[要旨]
法律的な観点からは、中小企業診断士が行う、融資申請の支援は、「金銭貸借等の媒介」に該当する可能性があります。しかし、銀行からみて「媒介」されていると判断される案件は、承認が難しくなるので、私の場合、融資申請の支援は後方からの支援に徹し、経営者の方が主体的に融資申請を行ってもらうようにしています。
[本文]
私のような銀行出身の中小企業診断士は、頻繁に、融資の申請のご支援の依頼を受けます。これに関して、融資申請の支援が。「金銭貸借等の媒介」に該当するのかということが、ときどき、話題になります。これに関しては、金融庁から、法令解釈に関する書面照会への回答書が公表されています。それによれば、「資金の融通を受けたい者と資金の融資を行いたい者との間に立って、金銭消費貸借契約の成立に尽力する行為は、資金の融通を受けたい者又は資金の融資を行いたい者のどちらのために行われているかを問わず、金銭の貸借の媒介に該当する。
なお、金銭の貸借の媒介に該当するか否かは、金銭の貸借を内容とする契約の成立に向けた一連の行為における当該行為の位置付けを踏まえた上で総合的に判断されるものであり、一連の行為の一部のみを取り出して、直ちに金銭の貸借の媒介に該当しないと判断することは適切でない」とあり、中小企業診断士が、顧問先の融資申請の支援をしたとき、これに該当する可能性があるようです。ちなみに、「金銭の貸付け、または、金銭の貸借の媒介」を事業として行う会社は、貸金業法により、都道府県知事等の登録を受ける必要があります。
ただし、別の観点から、私は、中小企業診断士が顧問先の融資申請の支援を行うことは、「金銭貸借等の媒介」に該当しないと考えています。なぜなら、仮に、中小企業診断士が融資の媒介をしようとしていると銀行に判断されると、融資の承認が得られない可能性が高まるからです。銀行は、融資を受ける会社の社長が主体的に融資を受けようとしていなければ、融資をすることに懸念を感じます。

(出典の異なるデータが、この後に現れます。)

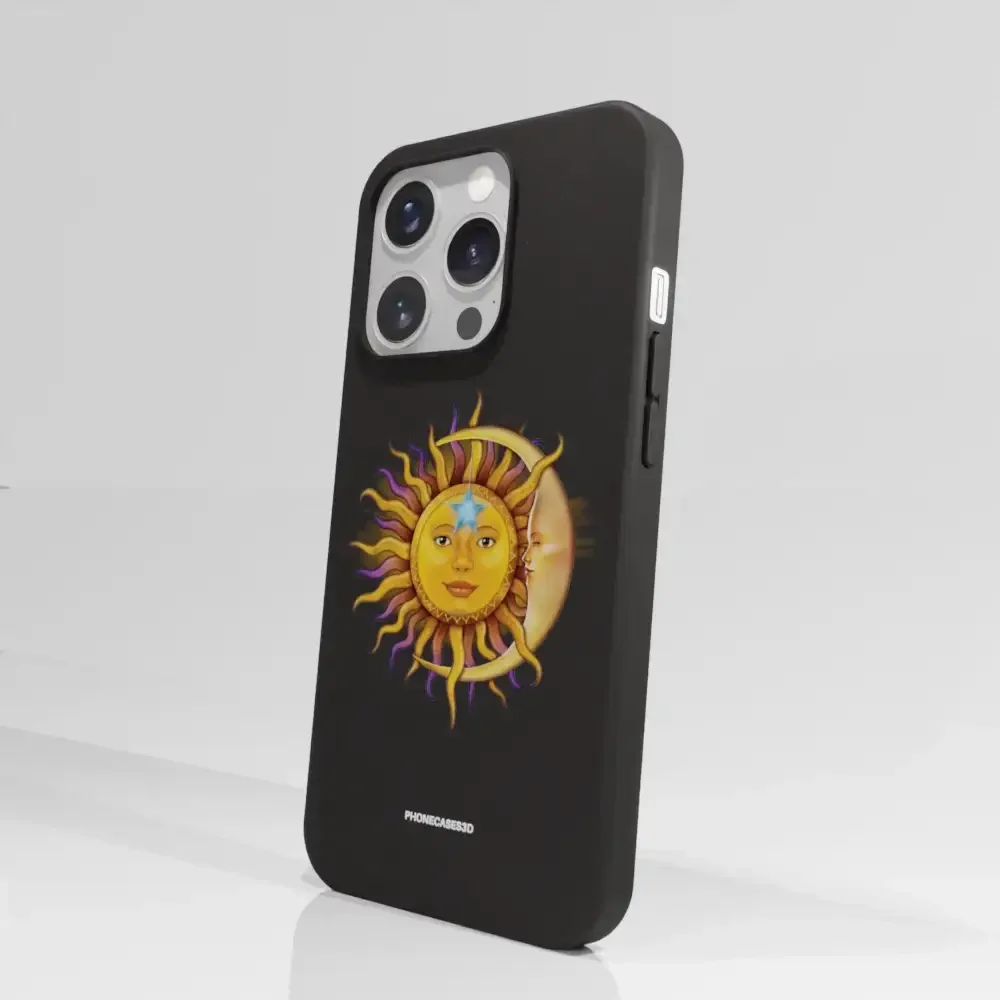 Vincent Hie Official Black Compostable Phone Case Design Sun Moon - Image 66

もちろん、融資の媒介を、会社の外部の人に依頼することは、その会社が融資を受けたいと考えているからでしょう。でも、そのような会社は、事業の改善に、当事者意識を強くもって取り組もうとしているというように、銀行から評価してもらえず、融資審査に悪影響が出るでしょう。したがって、私も、中小企業診断士として顧問先の融資申請の支援をするときは、経営者の前面に出るようなことはせず、後方からの支援に徹します。
割合としては少ないですが、中小企業診断士である私に、もっと、前面に出て銀行を説得して欲しいと望む経営者の方もいますが、そのような経営者の方には、中小企業診断士が前面に出ると、銀行から消極的な評価を受ける可能性があると説明しています。会社が融資を受けるということは、会社が銀行から信用してもらうということであるわけですから、そこに、中小企業診断士が「媒介」をするようなことをすれば、その目的は達成できなくなる可能性が高まります。